BRIEF | The answer is the exact run of lines in the listing below from the line containing "Genie Part 77402GT Image 1" up to and including the line containing "Hugo Boss 50553142 sneakers 50553142 large", with pictures removed.

(DATA SUPPLIED)

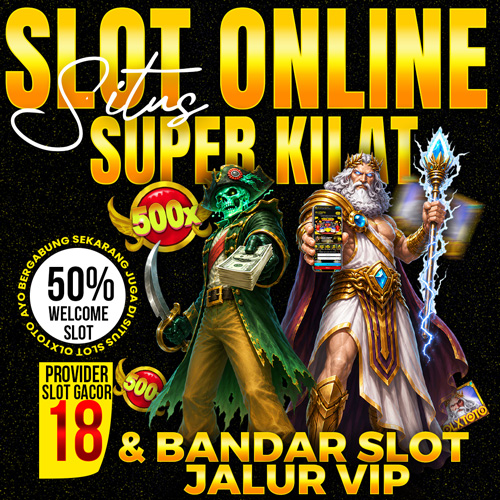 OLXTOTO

(End DATA SUPPLIED)
(DATA SUPPLIED)

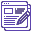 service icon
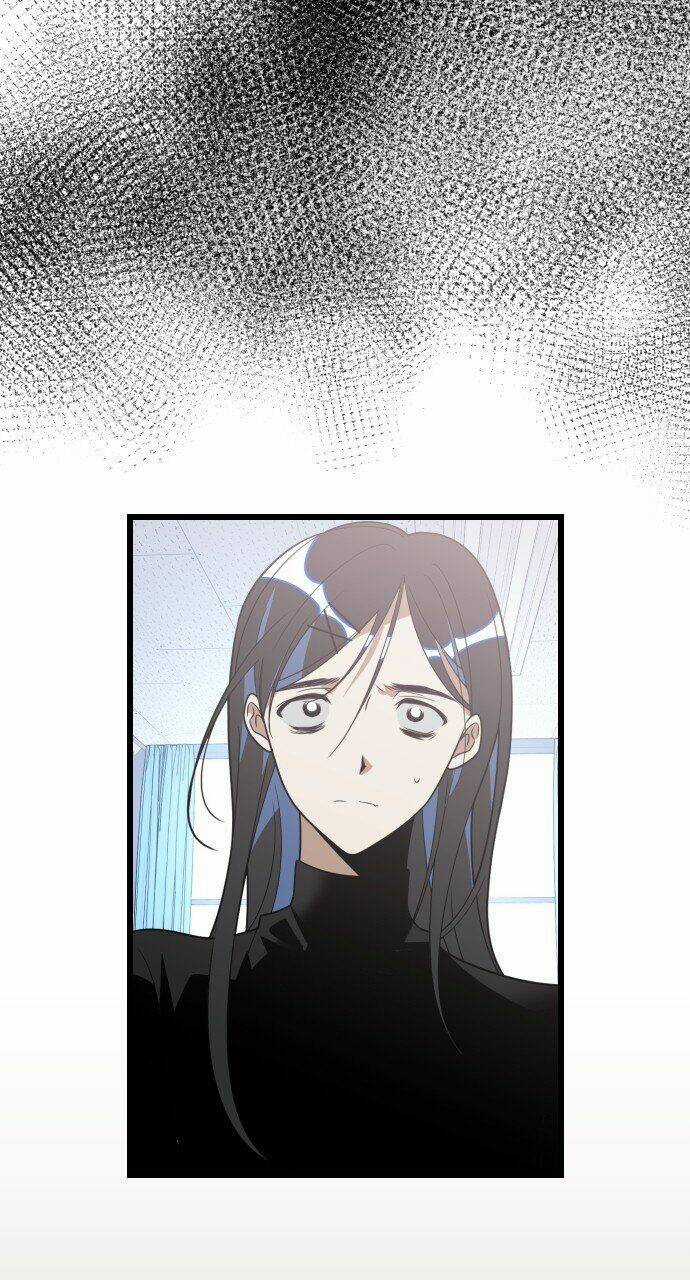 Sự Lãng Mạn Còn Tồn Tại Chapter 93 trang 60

(End DATA SUPPLIED)
(DATA SUPPLIED)

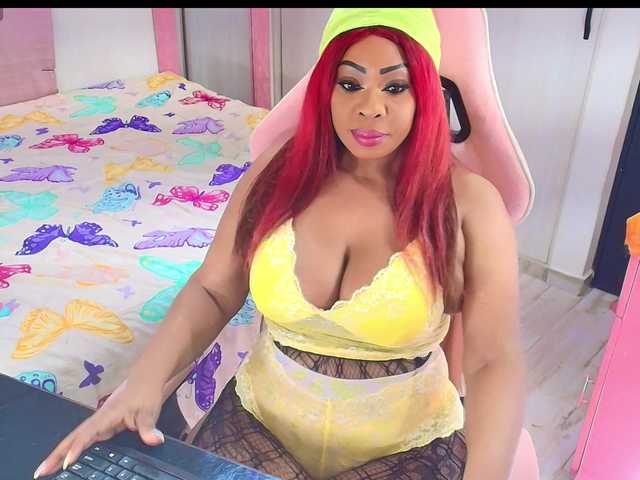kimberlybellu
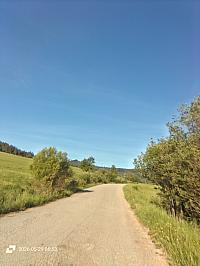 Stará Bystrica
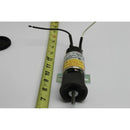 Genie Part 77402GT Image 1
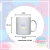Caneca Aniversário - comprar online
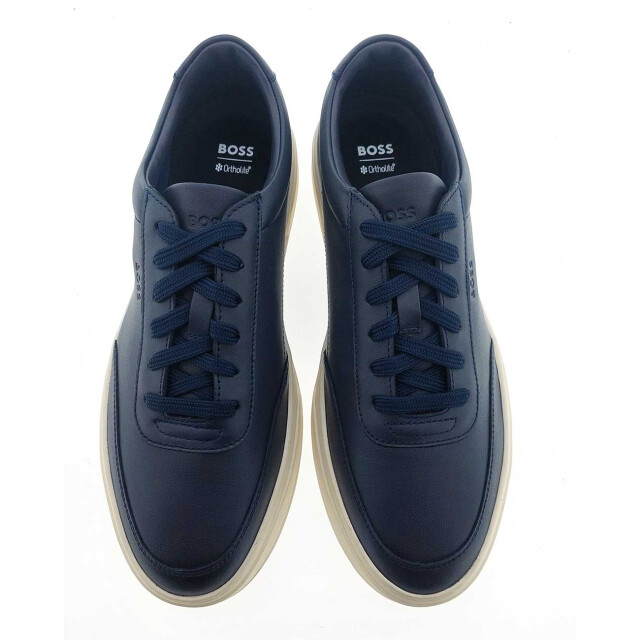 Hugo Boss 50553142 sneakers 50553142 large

(End DATA SUPPLIED)

EXERCISE SOLUTION |
 Genie Part 77402GT Image 1
Caneca Aniversário - comprar online
 Hugo Boss 50553142 sneakers 50553142 large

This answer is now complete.